Policy priorities for Highland in post BREXIT
Since the referendum decision to leave the European Union, The Highland Council has considered and made representations on a number of issues which have potential implications for the Highland economy and Highland communities.
EU funding has brought hundreds of millions of pounds of assistance to the region over the past 40 years which has been critical to the region’s growth. The Council has taken every opportunity to work with partners to identify to the Scottish and UK Governments, the potential implications in Highland arising from BREXIT to ensure we have the right support in place to allow Highland to continue to thrive.

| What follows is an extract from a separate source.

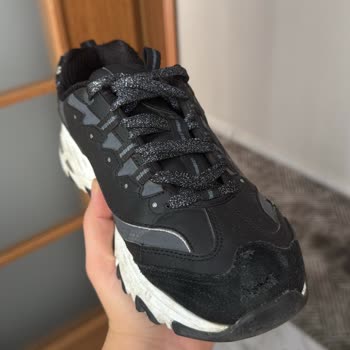 Skechers D'Lites Ayakkabısının Ön Kısmında Patlama, Kalite Sorunu Olarak Kabul Edilmedi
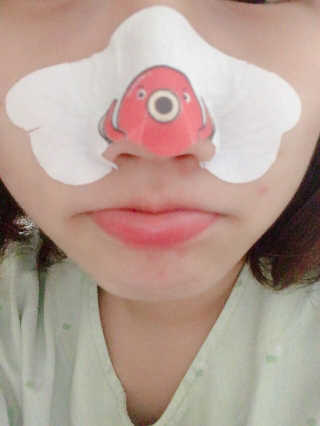 나이팅게일 TAKO PACK NOSE [문어코팩] — 3점을 준 리뷰어가 2017년 9월 올린 사용 사진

The Highland Council agreed key policy areas on which to lobby post BREXIT at its meeting in September. There is a need to ensure that Scottish and UK policy addresses the economic circumstances of Highland, to ensure that the challenges of living and working in the region are identified, and that the case for investment and support is made to enable the region to realise its full potential. In this context, the Council has agreed that regional policy; inward migration, access to markets and agriculture crofting and land management, are priority issues to be progressed.
In order to support the Council’s continued engagement and ensure the needs of our businesses and communities are recognised, a Brexit seminar is to be held on Friday 30 November at Council Headquarters. This will see discussion on potential impacts but also how these might be addressed with speakers from The University of Strathclyde, SCDI, SRUC, the University of the Highlands and Islands (UHI) and Scotland Europa.

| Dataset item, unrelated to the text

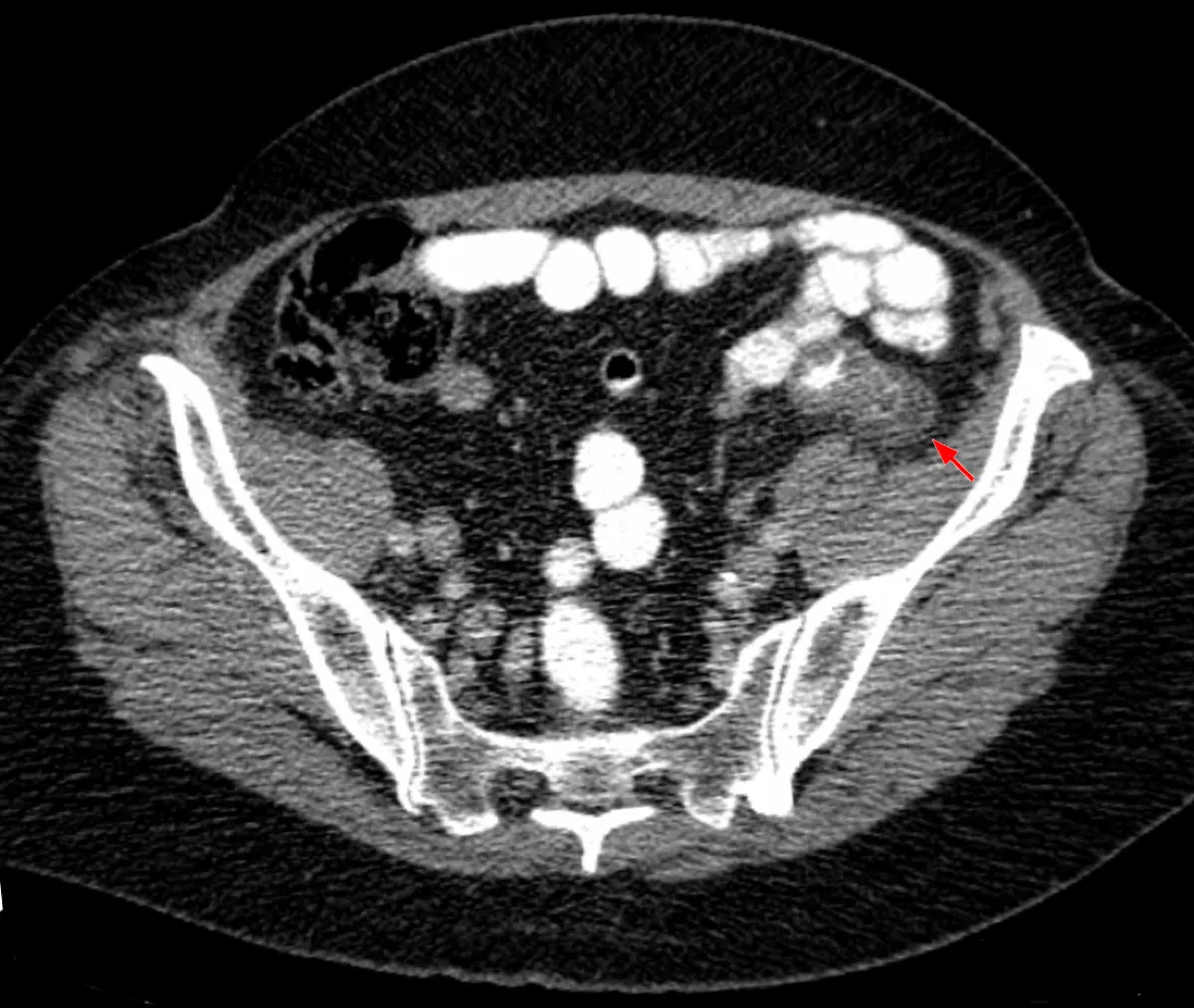 What Does "Fat Stranding" Mean in a Radiology Report?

Councillor Jimmy Gray, Administration lead for European matters, said:
“Discussions depend on good will between all parties and governments. This is a very complex subject which needs us all working together. There are a lot of partners involved, all with different priorities and we need to find some common ground. If we can have a clear voice on priorities across the Highlands and Islands, we have a better chance of success.”
Leader of the Highland Council, Margaret Davidson added:
“The risks are clear and the opportunities and positives are a lot less clear. My duty is to represent the Highlands, including those who voted for Brexit.
“We need to talk about a common regional policy and we need to be asking very clearly what we want to be devolved to a regional level. Since the administration of EU funding was centralised, this has been a disaster with funding unspent and long delays in distributing the funding. This illustrates the importance of devolving powers to regional level.”